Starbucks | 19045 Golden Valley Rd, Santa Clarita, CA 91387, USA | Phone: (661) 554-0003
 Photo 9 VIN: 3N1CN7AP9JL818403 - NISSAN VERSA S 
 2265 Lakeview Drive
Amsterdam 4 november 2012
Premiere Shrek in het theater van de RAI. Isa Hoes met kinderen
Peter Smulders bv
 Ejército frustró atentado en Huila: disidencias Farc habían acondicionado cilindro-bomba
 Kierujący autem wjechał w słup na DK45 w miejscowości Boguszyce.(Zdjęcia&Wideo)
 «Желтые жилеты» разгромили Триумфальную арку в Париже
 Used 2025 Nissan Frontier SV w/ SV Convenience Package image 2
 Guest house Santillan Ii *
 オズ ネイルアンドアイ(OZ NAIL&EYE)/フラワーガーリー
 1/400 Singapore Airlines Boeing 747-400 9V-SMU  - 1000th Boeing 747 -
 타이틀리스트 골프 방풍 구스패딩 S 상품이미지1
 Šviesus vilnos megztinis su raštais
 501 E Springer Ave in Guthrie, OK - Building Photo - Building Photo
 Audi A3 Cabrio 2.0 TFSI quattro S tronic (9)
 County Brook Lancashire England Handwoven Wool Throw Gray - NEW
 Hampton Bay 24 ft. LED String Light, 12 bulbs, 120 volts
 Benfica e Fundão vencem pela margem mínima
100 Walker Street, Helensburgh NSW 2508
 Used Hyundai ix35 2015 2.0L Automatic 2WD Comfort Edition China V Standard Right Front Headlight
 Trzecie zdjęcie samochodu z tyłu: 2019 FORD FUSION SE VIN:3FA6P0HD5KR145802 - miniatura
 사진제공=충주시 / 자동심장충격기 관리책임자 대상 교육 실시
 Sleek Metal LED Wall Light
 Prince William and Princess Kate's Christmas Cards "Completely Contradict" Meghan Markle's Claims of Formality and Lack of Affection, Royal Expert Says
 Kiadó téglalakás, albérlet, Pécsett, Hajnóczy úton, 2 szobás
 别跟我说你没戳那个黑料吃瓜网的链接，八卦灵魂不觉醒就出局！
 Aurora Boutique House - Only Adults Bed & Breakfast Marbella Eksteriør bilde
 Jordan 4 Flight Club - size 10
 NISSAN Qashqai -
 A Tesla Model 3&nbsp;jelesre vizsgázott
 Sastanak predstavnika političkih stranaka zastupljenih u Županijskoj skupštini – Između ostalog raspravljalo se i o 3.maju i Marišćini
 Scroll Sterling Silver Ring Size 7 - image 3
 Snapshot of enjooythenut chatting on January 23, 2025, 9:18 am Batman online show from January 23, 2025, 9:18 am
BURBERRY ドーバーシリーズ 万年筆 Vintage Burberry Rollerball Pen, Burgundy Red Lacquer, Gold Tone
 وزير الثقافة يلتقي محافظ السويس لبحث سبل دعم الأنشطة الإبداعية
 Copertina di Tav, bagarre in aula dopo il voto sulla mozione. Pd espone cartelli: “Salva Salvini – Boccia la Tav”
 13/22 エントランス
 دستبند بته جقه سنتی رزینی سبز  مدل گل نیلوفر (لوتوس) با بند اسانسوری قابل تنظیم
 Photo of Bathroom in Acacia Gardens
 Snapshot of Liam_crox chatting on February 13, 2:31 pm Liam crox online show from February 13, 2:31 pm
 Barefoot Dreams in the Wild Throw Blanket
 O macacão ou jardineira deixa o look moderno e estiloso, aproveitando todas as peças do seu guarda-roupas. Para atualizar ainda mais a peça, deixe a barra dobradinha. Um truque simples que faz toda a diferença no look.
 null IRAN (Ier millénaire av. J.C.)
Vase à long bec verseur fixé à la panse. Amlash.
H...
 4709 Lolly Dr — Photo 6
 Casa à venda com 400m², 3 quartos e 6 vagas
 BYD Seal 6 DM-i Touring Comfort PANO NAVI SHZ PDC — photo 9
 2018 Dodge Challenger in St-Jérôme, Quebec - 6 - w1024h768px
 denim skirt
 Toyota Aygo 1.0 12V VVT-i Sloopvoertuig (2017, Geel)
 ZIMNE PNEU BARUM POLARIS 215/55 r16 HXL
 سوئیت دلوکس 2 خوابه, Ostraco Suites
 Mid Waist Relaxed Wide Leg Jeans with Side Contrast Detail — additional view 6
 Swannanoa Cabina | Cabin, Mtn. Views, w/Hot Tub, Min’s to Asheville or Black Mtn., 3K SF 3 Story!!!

**********

* _PROBLEM REQUIREMENTS_
Reproduce the records above line by line, without any change, up to and including the line that holds "Audi A3 Cabrio 2.0 TFSI quattro S tronic (9)".

* _OUTPUT FOR THIS TASK_
Starbucks | 19045 Golden Valley Rd, Santa Clarita, CA 91387, USA | Phone: (661) 554-0003
 Photo 9 VIN: 3N1CN7AP9JL818403 - NISSAN VERSA S 
 2265 Lakeview Drive
Amsterdam 4 november 2012
Premiere Shrek in het theater van de RAI. Isa Hoes met kinderen
Peter Smulders bv
 Ejército frustró atentado en Huila: disidencias Farc habían acondicionado cilindro-bomba
 Kierujący autem wjechał w słup na DK45 w miejscowości Boguszyce.(Zdjęcia&Wideo)
 «Желтые жилеты» разгромили Триумфальную арку в Париже
 Used 2025 Nissan Frontier SV w/ SV Convenience Package image 2
 Guest house Santillan Ii *
 オズ ネイルアンドアイ(OZ NAIL&EYE)/フラワーガーリー
 1/400 Singapore Airlines Boeing 747-400 9V-SMU  - 1000th Boeing 747 -
 타이틀리스트 골프 방풍 구스패딩 S 상품이미지1
 Šviesus vilnos megztinis su raštais
 501 E Springer Ave in Guthrie, OK - Building Photo - Building Photo
 Audi A3 Cabrio 2.0 TFSI quattro S tronic (9)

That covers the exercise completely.